Technical|8 min read|

Building Cross-Platform ML Inference with KMP

A deep dive into abstracting TFLite and CoreML behind a unified Kotlin Multiplatform API.


Building Cross-Platform ML Inference with KMP

Running ML models on mobile devices is not new. What's still painful is doing it consistently across Android and iOS without duplicating everything.
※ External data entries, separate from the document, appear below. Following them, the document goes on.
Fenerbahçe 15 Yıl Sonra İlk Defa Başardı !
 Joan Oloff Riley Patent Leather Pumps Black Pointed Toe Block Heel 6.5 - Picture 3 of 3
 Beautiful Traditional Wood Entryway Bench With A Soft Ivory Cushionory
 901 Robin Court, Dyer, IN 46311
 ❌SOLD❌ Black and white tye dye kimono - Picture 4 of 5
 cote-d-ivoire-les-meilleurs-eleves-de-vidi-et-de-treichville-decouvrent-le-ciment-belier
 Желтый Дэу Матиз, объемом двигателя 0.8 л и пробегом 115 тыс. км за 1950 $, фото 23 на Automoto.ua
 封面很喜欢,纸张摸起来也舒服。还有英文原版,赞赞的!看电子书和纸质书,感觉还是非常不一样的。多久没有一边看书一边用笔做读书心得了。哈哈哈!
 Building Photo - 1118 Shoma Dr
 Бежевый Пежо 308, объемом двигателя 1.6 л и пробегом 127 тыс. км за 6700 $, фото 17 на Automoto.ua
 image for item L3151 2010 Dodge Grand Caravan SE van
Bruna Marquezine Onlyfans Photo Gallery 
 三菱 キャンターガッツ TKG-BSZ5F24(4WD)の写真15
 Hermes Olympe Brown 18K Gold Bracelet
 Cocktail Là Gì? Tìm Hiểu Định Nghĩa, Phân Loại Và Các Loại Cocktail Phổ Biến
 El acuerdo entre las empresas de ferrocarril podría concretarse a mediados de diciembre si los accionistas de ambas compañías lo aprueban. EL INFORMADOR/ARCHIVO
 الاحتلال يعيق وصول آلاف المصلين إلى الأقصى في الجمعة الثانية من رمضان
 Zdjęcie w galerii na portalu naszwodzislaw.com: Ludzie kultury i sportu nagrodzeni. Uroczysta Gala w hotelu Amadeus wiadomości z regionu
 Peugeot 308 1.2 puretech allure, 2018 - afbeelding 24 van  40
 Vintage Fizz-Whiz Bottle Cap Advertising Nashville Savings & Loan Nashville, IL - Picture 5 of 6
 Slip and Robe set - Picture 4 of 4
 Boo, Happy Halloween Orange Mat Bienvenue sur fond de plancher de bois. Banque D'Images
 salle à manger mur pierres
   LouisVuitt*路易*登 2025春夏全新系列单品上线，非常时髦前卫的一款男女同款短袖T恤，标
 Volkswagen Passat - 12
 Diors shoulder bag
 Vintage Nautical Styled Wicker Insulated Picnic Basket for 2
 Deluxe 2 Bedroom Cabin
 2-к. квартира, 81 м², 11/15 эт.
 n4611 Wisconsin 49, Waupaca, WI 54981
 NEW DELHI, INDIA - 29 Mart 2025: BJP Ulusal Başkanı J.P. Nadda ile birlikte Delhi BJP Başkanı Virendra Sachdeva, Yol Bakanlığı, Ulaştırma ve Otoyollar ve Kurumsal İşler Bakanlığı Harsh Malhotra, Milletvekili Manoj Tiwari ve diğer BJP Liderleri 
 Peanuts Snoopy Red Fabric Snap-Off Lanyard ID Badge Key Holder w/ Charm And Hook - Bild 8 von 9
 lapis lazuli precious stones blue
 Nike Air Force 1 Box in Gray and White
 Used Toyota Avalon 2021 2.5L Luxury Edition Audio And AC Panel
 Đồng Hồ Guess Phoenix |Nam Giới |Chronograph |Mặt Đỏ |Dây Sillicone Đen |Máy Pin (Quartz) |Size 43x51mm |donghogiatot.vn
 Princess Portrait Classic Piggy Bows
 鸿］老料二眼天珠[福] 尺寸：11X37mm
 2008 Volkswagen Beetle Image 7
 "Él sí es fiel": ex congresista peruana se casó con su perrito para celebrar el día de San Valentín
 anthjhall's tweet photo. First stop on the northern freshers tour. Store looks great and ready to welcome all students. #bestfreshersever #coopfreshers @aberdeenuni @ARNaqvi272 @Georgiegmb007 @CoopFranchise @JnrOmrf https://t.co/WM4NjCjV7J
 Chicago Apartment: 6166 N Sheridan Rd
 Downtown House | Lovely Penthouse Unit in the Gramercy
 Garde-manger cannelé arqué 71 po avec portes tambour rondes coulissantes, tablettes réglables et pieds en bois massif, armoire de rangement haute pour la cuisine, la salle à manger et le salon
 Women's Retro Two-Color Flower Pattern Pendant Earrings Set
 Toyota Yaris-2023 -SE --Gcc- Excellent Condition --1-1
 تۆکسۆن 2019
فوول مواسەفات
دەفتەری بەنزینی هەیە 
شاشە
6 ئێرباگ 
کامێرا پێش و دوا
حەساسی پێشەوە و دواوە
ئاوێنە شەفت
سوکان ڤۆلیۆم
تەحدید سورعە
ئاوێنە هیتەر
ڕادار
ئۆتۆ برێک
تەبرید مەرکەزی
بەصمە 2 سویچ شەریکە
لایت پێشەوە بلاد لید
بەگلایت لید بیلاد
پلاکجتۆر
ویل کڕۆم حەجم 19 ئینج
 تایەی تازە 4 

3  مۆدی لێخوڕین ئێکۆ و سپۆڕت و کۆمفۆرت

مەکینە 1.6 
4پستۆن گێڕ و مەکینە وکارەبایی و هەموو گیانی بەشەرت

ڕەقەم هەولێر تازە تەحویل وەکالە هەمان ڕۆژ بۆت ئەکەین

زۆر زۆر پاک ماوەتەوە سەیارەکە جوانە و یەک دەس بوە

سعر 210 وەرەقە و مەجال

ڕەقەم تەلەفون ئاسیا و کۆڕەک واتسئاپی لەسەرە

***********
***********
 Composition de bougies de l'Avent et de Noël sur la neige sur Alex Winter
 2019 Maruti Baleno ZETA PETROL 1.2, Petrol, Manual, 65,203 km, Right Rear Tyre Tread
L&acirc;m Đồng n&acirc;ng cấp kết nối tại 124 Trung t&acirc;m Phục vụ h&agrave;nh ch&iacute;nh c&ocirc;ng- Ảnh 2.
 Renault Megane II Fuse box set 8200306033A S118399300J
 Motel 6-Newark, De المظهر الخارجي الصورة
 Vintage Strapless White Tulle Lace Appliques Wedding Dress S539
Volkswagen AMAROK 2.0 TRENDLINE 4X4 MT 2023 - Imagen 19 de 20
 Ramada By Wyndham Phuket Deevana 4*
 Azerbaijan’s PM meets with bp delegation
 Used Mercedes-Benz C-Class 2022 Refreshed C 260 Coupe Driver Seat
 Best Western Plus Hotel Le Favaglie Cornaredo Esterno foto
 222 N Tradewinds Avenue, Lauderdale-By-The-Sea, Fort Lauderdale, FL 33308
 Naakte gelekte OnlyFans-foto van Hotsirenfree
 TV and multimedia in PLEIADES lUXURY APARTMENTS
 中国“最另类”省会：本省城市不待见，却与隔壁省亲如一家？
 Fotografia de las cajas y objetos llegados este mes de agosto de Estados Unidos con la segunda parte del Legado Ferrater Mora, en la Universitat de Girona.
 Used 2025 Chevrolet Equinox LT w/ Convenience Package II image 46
This post walks through how I built a unified inference layer using Kotlin Multiplatform — one API surface, two platform backends.

The Problem

Every mobile ML project starts the same way. You train a model, export it, then realize you need to write inference code twice:

  • Android: TensorFlow Lite, load .tflite model, manage interpreters, handle input/output buffers
  • iOS: Core ML, convert to .mlmodel, deal with MLMultiArray, manage predictions

The model is the same. The preprocessing is the same. The postprocessing is the same. But the code? Completely different.

Why KMP

Kotlin Multiplatform lets you share business logic while keeping platform-specific implementations where they need to be. For ML inference, this means:

  • Shared: Model configuration, preprocessing, postprocessing, result types
  • Platform-specific: The actual inference call (TFLite on Android, CoreML on iOS)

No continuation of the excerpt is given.